Begitu aneh ingatan, tiap rekamnya mampu mengabaikan dinginnya api pertengkaran, menyebutnya sempurna walau dipenuhi ledakan. Begitu aneh ingatan, tiap salah seakan termaafkan, tiap amarah seakan terwajarkan, Tenang seperti benda asing yang tidak teringinkan, dan diri berjalan, kesana-kesini mencari jalan untuk pulang ke keliruan. Begitu aneh ingatan, ditiap perputaran, tidak mampu membedakan mana kehidupan dan kematian. 

Tidak Ada

Tidak ada, kemana? Tidak disana, dimana? Tidak juga disini, bagaimana bisa? Hampa, apa?! Kosong, kenapa?! Tidak ada.

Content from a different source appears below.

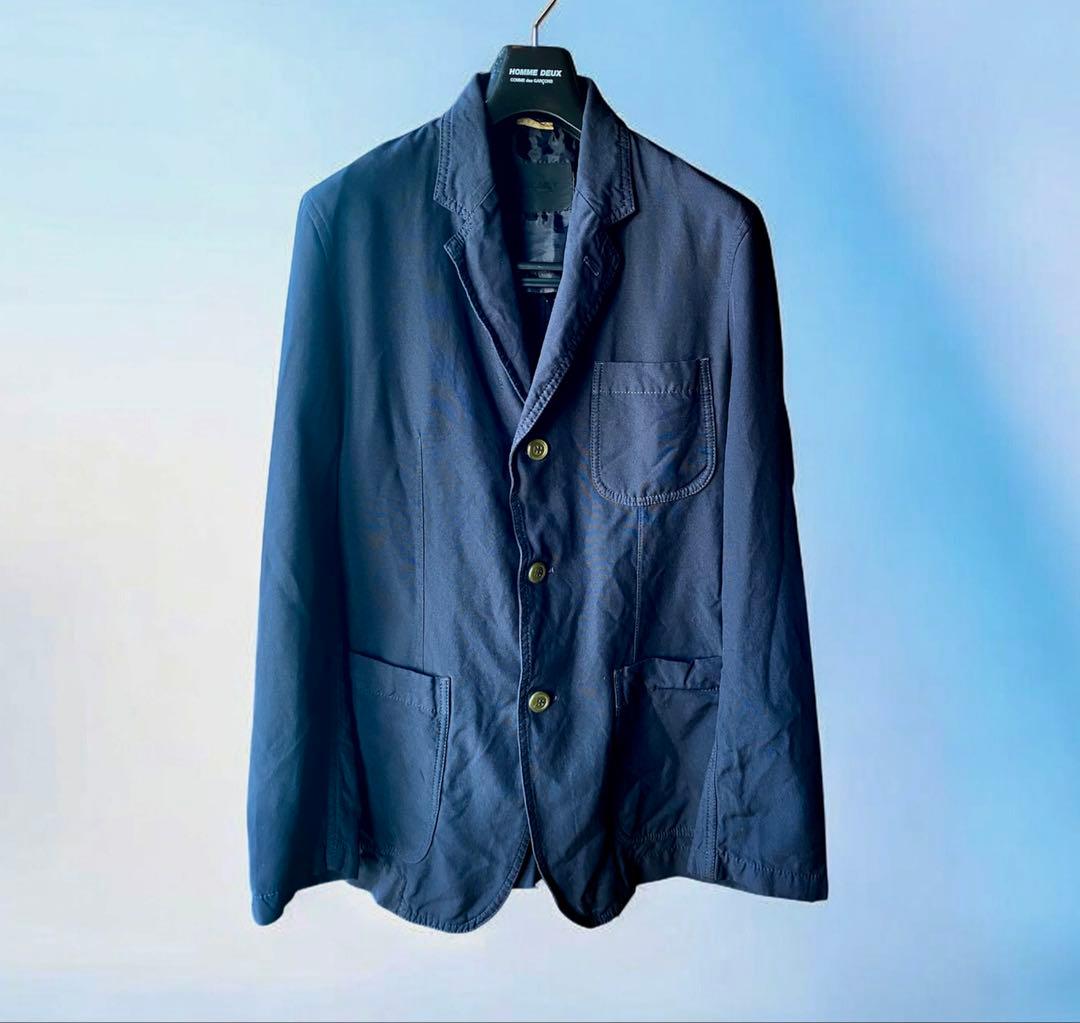 COMME des GARCONS HOMME DEUX紺ポリ縮ジャケット XS
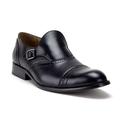 Jazame Men's 07332 Leather Lined Single Monkstrap Cap Toe Loafers Dress Shoes, Black, 7.5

Percakapan dengan Pohon Tua

"Bagaimana aku tahu jika sesuatu itu yang terbaik untukku?"  tanya seekor landak kecil kepada sebuah pohon tua di sebelahnya. Pohon tua itu begitu kokoh,  akarnya begitu keras,  dan tuturnya begitu bijaksana untuk siapapun yang beristirahat dan mendengarkannya. Dengan tersenyum, pohon tua itu berkata "Kau tidak akan pernah tahu landak kecil.." "Kenapa begitu??"  sang landak seperti tidak puas mendengar jawabannya. "ya.. kau tidak akan pernah tahu, jika kau sendiri yang tidak membuatnya seperti itu." Angin bertiup perlahan diantara mereka, dan jeda mengisi udara diantara landak kecil dan pohon tua. Dengan menatap ke depan, sang landak kini tahu,  dirinyalah yang harus membuat keputusan.